Vulnerability identifier: #VU53155

Vulnerability risk: Low

CVSSv3.1: 5 [CVSS:3.1/AV:A/AC:L/PR:N/UI:R/S:U/C:N/I:H/A:N/E:U/RL:O/RC:C]

CVE-ID: CVE-2020-26145

CWE-ID: CWE-20

Exploitation vector: Local network

Exploit availability: No

Vulnerable software:
Mist Access Point
Hardware solutions / Routers & switches, VoIP, GSM, etc
AP21
Hardware solutions / Routers & switches, VoIP, GSM, etc
AP41
Hardware solutions / Routers & switches, VoIP, GSM, etc
AP61
Hardware solutions / Routers & switches, VoIP, GSM, etc
AP43
Hardware solutions / Routers & switches, VoIP, GSM, etc
AP63
Hardware solutions / Routers & switches, VoIP, GSM, etc
AP12
Hardware solutions / Routers & switches, VoIP, GSM, etc
AP32
Hardware solutions / Routers & switches, VoIP, GSM, etc
AP33
Hardware solutions / Routers & switches, VoIP, GSM, etc

Vendor: Juniper Networks, Inc.

Description

The vulnerability allows a remote attacker to compromise the target system.

The vulnerability exists due to the WEP, WPA, WPA2, and WPA3 implementations accept second (or subsequent) broadcast fragments even when sent in plaintext and process them as full unfragmented frames.

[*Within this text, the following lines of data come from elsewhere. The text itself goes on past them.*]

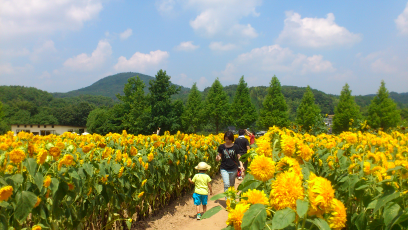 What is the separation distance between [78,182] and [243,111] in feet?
114

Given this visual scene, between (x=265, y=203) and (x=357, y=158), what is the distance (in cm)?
244

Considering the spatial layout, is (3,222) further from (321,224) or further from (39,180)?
(321,224)

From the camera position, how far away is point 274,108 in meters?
35.2

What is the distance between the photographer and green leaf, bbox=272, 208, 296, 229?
38.2 inches

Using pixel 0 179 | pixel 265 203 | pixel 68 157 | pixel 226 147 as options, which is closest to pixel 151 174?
pixel 226 147

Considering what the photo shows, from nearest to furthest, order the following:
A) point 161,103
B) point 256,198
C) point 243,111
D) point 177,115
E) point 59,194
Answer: point 256,198, point 59,194, point 161,103, point 177,115, point 243,111

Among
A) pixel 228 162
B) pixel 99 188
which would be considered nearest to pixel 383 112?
pixel 228 162

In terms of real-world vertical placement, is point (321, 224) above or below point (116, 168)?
above

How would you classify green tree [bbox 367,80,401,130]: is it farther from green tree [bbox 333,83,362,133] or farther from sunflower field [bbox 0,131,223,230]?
sunflower field [bbox 0,131,223,230]

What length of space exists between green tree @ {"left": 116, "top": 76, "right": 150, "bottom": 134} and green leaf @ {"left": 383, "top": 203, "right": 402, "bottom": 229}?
33.4 meters

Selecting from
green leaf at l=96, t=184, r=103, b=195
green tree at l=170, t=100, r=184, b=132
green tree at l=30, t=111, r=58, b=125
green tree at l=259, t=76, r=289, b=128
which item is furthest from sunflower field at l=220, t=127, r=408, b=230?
green tree at l=30, t=111, r=58, b=125

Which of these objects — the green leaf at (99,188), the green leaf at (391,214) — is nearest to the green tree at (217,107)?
the green leaf at (99,188)

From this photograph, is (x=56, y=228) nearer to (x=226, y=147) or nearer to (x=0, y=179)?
(x=0, y=179)

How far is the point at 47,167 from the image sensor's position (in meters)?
2.22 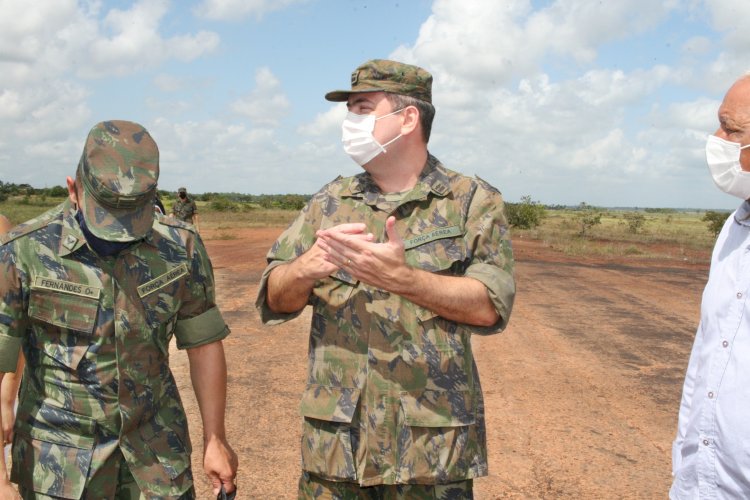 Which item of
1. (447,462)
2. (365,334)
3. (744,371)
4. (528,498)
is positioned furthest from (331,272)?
(528,498)

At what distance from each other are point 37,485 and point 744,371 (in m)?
2.10

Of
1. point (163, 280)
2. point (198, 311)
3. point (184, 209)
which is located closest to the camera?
point (163, 280)

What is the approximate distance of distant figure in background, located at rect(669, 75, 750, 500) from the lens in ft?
6.70

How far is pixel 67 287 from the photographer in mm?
2055

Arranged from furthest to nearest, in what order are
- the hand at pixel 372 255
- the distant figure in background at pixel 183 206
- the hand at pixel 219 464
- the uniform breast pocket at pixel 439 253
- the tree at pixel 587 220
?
the tree at pixel 587 220 < the distant figure in background at pixel 183 206 < the uniform breast pocket at pixel 439 253 < the hand at pixel 219 464 < the hand at pixel 372 255

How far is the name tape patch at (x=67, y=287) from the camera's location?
203cm

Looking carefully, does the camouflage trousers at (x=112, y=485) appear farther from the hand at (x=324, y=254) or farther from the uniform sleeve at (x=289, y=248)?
the hand at (x=324, y=254)

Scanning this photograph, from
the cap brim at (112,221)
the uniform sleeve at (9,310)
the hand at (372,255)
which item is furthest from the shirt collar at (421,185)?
the uniform sleeve at (9,310)

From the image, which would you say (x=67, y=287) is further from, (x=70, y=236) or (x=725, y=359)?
(x=725, y=359)

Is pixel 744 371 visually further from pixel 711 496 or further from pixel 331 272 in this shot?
pixel 331 272

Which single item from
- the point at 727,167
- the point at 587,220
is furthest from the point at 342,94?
the point at 587,220

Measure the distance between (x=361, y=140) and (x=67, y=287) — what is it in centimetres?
112

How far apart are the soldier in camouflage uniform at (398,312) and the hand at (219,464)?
27cm

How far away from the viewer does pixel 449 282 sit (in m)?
2.29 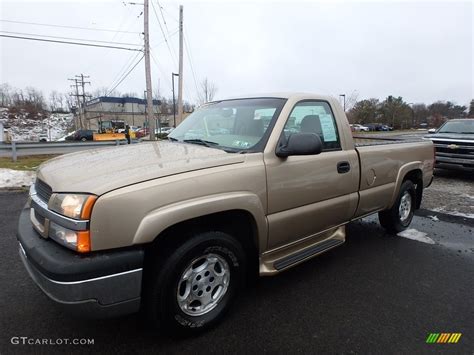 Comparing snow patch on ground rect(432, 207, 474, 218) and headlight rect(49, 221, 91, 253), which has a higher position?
headlight rect(49, 221, 91, 253)

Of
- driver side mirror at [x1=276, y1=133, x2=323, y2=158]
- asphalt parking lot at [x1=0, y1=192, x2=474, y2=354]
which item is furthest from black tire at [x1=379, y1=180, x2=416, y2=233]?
driver side mirror at [x1=276, y1=133, x2=323, y2=158]

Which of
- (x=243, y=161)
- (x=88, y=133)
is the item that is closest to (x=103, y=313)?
(x=243, y=161)

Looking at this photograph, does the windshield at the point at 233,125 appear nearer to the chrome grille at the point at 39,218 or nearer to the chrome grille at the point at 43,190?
the chrome grille at the point at 43,190

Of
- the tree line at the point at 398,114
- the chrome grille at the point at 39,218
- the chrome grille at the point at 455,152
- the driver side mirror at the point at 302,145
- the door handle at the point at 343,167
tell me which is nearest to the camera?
the chrome grille at the point at 39,218

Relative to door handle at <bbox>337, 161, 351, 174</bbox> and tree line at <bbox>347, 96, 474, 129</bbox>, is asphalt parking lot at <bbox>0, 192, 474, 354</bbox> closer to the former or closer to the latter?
door handle at <bbox>337, 161, 351, 174</bbox>

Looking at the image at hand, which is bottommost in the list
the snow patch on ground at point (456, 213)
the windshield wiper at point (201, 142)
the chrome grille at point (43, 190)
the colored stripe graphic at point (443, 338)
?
the colored stripe graphic at point (443, 338)

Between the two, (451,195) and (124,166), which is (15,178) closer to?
(124,166)

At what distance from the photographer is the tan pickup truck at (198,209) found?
1974 millimetres

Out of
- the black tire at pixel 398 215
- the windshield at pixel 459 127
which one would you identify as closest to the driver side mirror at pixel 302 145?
the black tire at pixel 398 215

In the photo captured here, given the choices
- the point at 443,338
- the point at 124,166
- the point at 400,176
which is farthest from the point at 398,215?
the point at 124,166

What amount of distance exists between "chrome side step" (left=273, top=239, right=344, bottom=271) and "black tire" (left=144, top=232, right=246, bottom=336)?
44cm

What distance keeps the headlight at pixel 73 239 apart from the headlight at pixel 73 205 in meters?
0.10

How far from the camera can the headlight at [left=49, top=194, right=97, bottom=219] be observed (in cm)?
194

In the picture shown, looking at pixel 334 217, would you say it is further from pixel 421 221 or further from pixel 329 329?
pixel 421 221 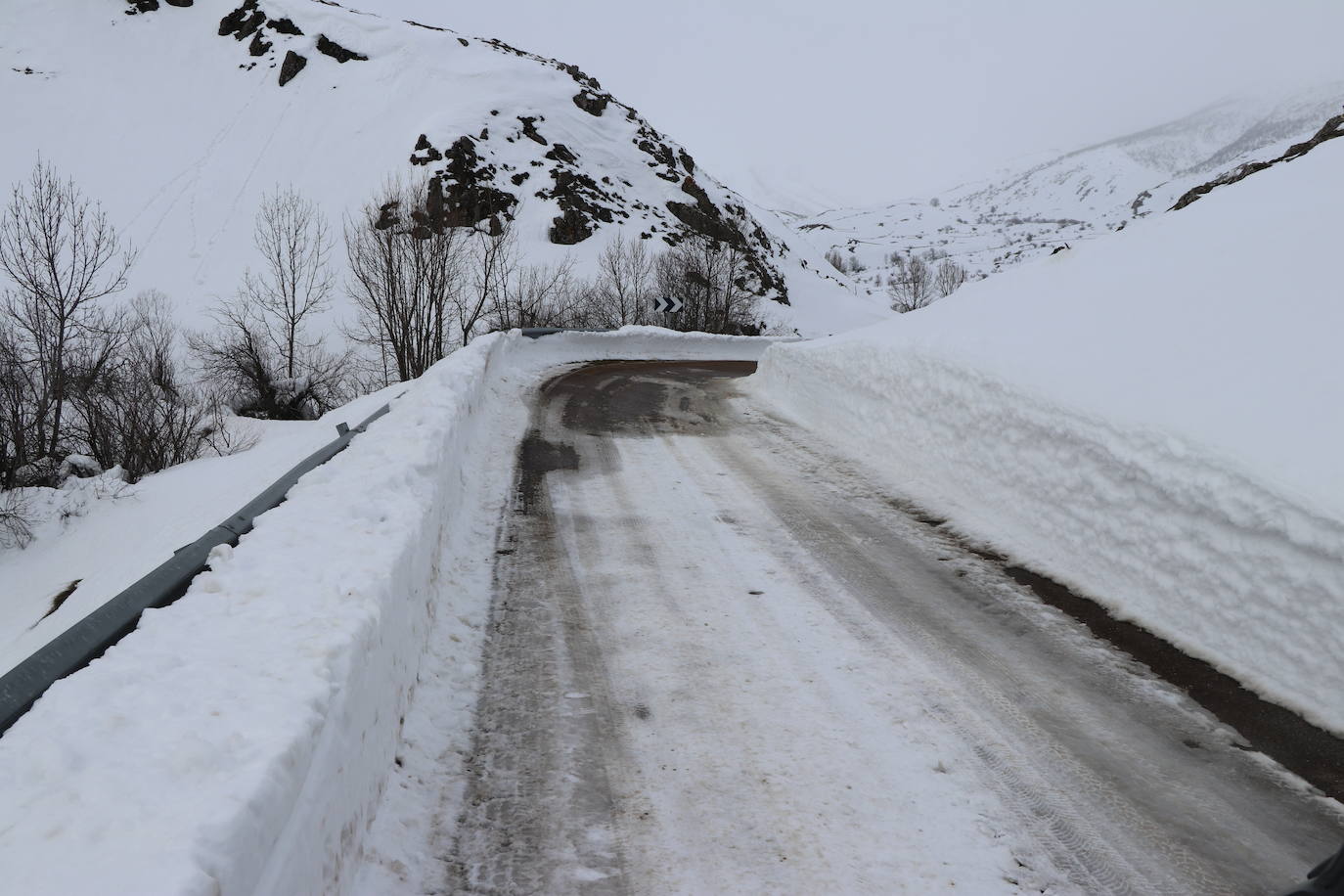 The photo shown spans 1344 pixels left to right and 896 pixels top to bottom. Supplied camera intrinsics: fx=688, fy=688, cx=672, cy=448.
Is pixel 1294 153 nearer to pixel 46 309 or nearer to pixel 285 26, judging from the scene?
pixel 46 309

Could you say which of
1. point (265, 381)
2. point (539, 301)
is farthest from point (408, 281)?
point (265, 381)

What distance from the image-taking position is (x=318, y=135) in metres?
55.0

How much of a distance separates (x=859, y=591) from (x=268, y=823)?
4181 millimetres

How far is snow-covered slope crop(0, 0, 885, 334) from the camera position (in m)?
48.2

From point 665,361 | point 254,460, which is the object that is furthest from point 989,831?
point 665,361

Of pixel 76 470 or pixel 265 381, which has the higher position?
pixel 265 381

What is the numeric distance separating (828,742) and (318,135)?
64.8m

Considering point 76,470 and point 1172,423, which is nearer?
point 1172,423

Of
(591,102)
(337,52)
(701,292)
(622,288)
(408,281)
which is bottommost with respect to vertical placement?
(701,292)

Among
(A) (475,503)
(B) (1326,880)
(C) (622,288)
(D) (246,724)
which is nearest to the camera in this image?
(B) (1326,880)

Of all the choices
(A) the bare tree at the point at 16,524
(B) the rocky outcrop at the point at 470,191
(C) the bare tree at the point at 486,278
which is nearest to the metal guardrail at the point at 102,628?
(A) the bare tree at the point at 16,524

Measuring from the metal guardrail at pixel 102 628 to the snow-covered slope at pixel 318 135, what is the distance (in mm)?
38564

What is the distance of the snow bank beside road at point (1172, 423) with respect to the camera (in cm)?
416

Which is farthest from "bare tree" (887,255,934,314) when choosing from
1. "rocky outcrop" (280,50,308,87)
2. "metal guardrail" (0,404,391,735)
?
"rocky outcrop" (280,50,308,87) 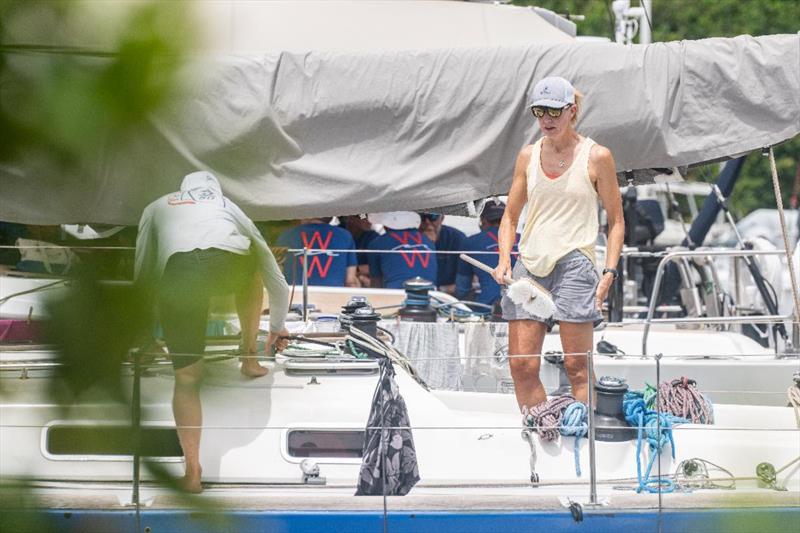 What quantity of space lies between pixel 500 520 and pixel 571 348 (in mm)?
746

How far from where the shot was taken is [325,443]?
447 centimetres

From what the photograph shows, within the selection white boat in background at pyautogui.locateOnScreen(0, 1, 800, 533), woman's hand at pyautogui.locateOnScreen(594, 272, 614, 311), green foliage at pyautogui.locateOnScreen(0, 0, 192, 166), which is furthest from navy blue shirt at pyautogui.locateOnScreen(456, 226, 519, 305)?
green foliage at pyautogui.locateOnScreen(0, 0, 192, 166)

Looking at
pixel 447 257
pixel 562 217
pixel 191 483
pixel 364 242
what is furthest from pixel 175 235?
pixel 447 257

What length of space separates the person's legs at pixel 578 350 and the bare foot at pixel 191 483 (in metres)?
3.74

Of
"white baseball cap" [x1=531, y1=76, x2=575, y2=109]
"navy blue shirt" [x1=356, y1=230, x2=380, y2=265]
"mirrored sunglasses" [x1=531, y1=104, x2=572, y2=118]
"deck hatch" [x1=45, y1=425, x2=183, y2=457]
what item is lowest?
"deck hatch" [x1=45, y1=425, x2=183, y2=457]

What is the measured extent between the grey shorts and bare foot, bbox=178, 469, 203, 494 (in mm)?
3700

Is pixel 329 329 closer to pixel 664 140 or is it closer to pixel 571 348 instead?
pixel 571 348

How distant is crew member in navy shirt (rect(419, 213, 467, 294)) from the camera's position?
289 inches

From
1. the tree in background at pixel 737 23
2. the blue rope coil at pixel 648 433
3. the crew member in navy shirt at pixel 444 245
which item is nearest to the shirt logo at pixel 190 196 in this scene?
the blue rope coil at pixel 648 433

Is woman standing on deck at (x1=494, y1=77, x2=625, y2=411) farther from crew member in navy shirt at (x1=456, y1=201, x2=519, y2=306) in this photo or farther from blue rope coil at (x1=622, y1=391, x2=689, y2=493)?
crew member in navy shirt at (x1=456, y1=201, x2=519, y2=306)

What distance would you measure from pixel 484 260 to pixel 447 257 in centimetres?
71

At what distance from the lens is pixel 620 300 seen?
720cm

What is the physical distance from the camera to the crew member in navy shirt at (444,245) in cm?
734

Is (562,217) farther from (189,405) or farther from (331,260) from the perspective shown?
(189,405) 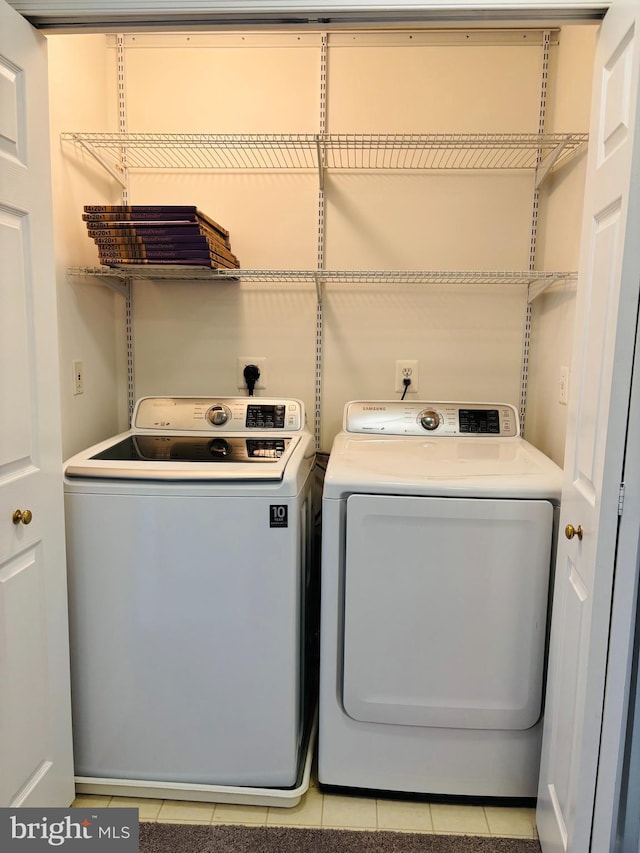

A remote attacker on the local network can inject arbitrary network packets independent of the network configuration.

Mitigation
Install updates from vendor's website.

Vulnerable software versions

Mist Access Point: 0.5 - 0.9

AP21: All versions

AP41: All versions

AP61: All versions

AP43: All versions

AP63: All versions

AP12: All versions

AP32: All versions

AP33: All versions

---

External links
http://kb.juniper.net/InfoCenter/index?page=content&id=JSA11170&cat=SIRT_1&actp=LIST

---

Q & A

Can this vulnerability be exploited remotely?

Yes. This vulnerability can be exploited by a remote non-authenticated attacker via the local network (LAN).

Is there known malware, which exploits this vulnerability?

No. We are not aware of malware exploiting this vulnerability.